◆ SOURCE MATERIAL:
=======
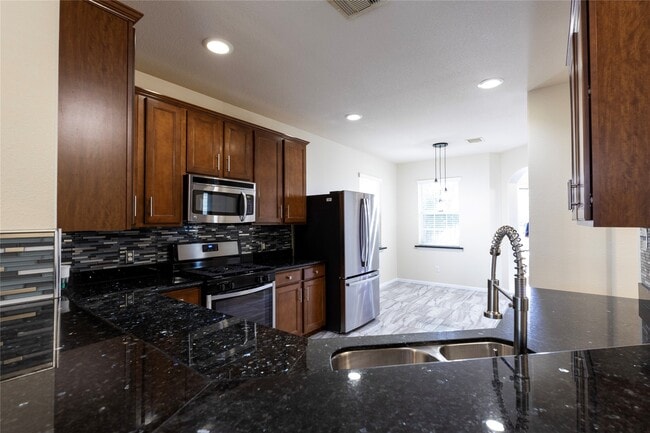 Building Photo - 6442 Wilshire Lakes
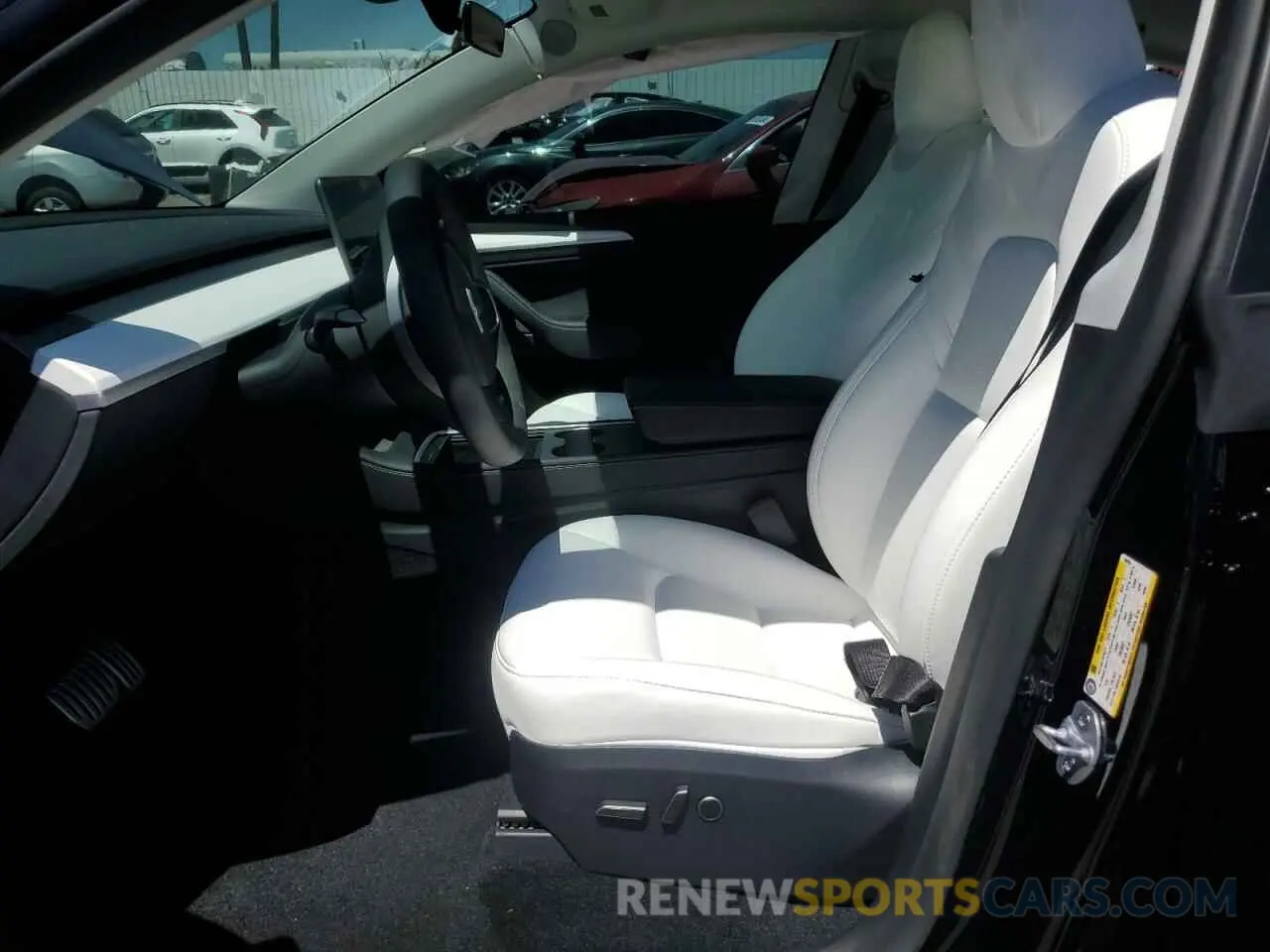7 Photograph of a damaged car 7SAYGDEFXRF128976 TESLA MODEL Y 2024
=======
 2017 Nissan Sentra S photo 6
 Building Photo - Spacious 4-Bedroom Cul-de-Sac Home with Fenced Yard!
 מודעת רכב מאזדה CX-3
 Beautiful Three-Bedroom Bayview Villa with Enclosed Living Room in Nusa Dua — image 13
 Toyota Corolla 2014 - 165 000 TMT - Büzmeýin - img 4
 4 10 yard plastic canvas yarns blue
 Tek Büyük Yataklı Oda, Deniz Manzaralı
=======
◆ WORK TASK:
Beginning at the line above with "Building Photo - Spacious" and finishing at the line with "4 10 yard plastic canvas yarns blue", return each line exactly and return nothing else.

◆ EXPECTED ANSWER:
 Building Photo - Spacious 4-Bedroom Cul-de-Sac Home with Fenced Yard!
 מודעת רכב מאזדה CX-3
 Beautiful Three-Bedroom Bayview Villa with Enclosed Living Room in Nusa Dua — image 13
 Toyota Corolla 2014 - 165 000 TMT - Büzmeýin - img 4
 4 10 yard plastic canvas yarns blue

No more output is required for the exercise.